コヤマ 実は、かなり前にCCMSでアクリルスタンドを作ったんですけど、それは草野さんが普段からフィギュアを持ち歩いて写真を撮りたいんだけど、立体物だとかざばる。じゃあどうやったらコンパクトに持ち歩けるだろう、というところからできたアイテムだったんです。今回、会場でもいろんなアイテムが展示、販売されるんですけど、もしかしたらそこで生まれたノウハウが他の作品に適用されたり役に立つ可能性もあるかもしれないし、あるいはあまりに荒唐無稽すぎて、採用されない可能性もある(笑)。でも、試みとしてやってみるのは面白いよね、と。

――なるほど。
コヤマ アニメは作品単体でも面白いけど、監督やスタッフのことを知ったり、どういう流れの中から作品が出てきたのか、みたいなことを知るともっと面白いじゃないですか。それはグッズに関してもそうで、面白い作品が良いグッズを作る場合もあるし、まったく面白くないグッズを出しているという現実もある(笑)。グッズひとつ取ってももっと面白いことができると思っているし、その幅をもっと広げないとダメなんじゃないか、みたいなことも危機感としてあるんですよね。

――そういうチャレンジのひとつとして、今回のプロダクトがあるわけですね。
コヤマ ただ、今、こうして話をしているから「なるほど、そういう背景があるのね」とわかってもらえるわけですけど、いきなり会場で『おばけちゃん』のドクロランプを見ても、なんのことやら、まったくわからないはずで(笑)。で、興味を持った人はきっと「どうしてこれを作ったの?」と思うだろうし、質問をしてくる。面白いと思ったものに対して、疑問を持って質問して、そこに価値を見出すかどうかを判断する。それが、じつはアートで行われていることで。ギャラリーで見た絵に対して、「なぜこの絵を描いたのか」をアーティストに聞いて、賛同できると思った人がお金を払う。そういうコミュニケーションこそが、大切なんだろうと思っていますね。

――ということは期間中、会場に行けば、コヤマさんに直接、浮かんだ疑問をぶつけることができるわけですね。
コヤマ そうですね(笑)。毎日、ギャラリーにいると思います。

――ちなみに、ベーグルが一番のモチベーションだったという話がありましたが、ベーグル以外で楽しみにしていることというと?
コヤマ 今回、Estellaという赤ちゃんグッズのブランドと共同で、おばけちゃんのぬいぐるみを作ったんですけど、じつはだいぶ前から、海外のイベントに行くたびに、赤ちゃんショップに寄っては海外の知育玩具をチェックしていて。別に子供がいるわけじゃないんですけど(笑)。
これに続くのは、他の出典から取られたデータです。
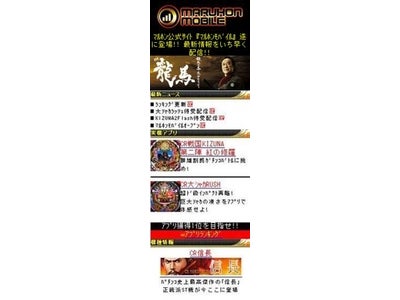 Yahoo!ケータイ公式サイト　「マルホンモバイル」　  2011年6月15日（水）　よりサービス開始のお知らせ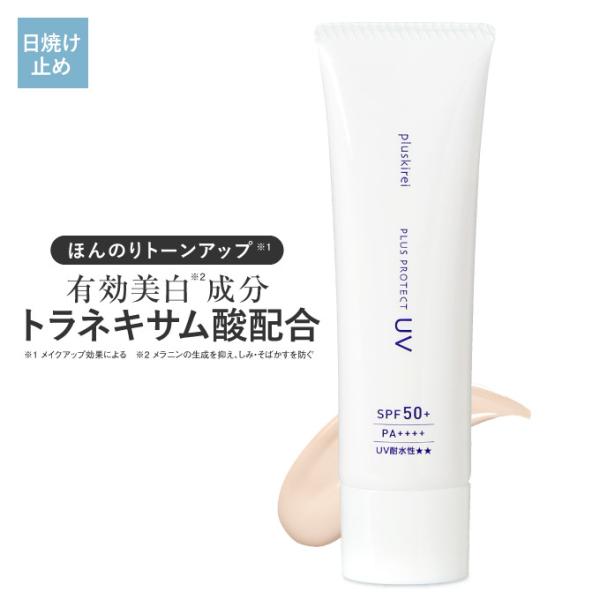 日焼け止め 化粧下地 プラスプロテクトUV SPF50+ PA++++ 薬用 美白 トラネキサム酸 ...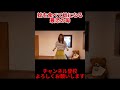 蚊を食べて蚊になる最恐の母【バンカラジオ】 #バンカラジオ切り抜き #バンカラジオ
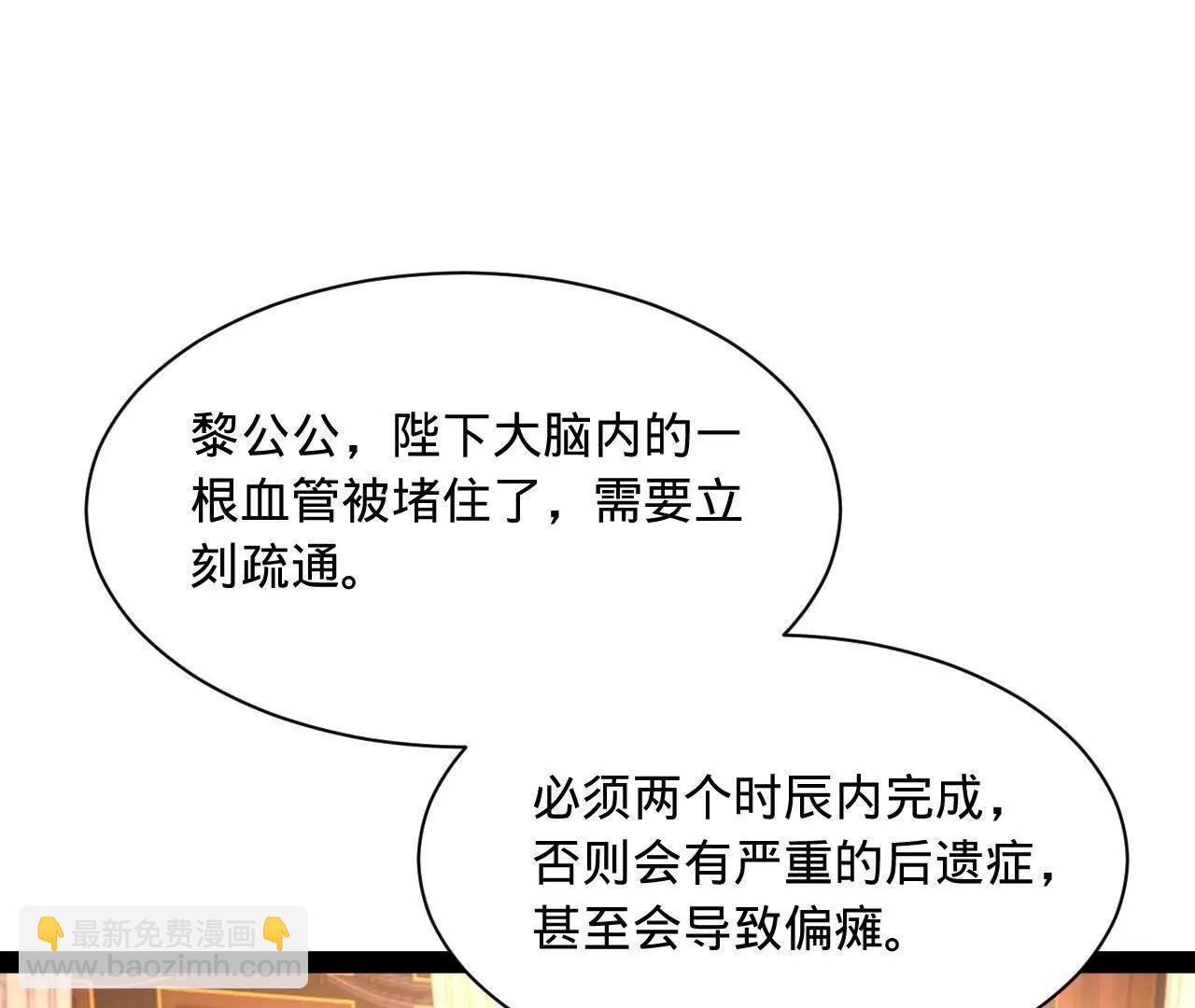 史上最強贅婿 - 341 	寧元憲腦梗！(2/3) - 7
――でも、赤ちゃん用のオモチャって、生まれて初めて出会うアイテムですよね。
コヤマ そうなんです。そのシンプルなモノ作りみたいなものに、ずっと惹かれていて。その中で見つけたのが、Estellaだったんです。それで今回、ぜひ一緒に何か作りたいと思って、ソニー・ミュージックさんやギャラリーから連絡を取ってもらったりしたんですけど、まったくなしのつぶてで。

――たしかに、向こうからするとよくわからないですよね(笑)。
コヤマ ただ、海外のサイトだとよく「あなたのお探しの商品はこれですか?」みたいな、案内が来るじゃないですか。あのシステムを利用して、自動送信メールに対して「俺が求めてるのはその商品ではありません、あなたたちとのコラボです」って返事をして(笑)。そんなところから始まったコラボアイテムなので、ぜひチェックしてもらえると嬉しいなと思います。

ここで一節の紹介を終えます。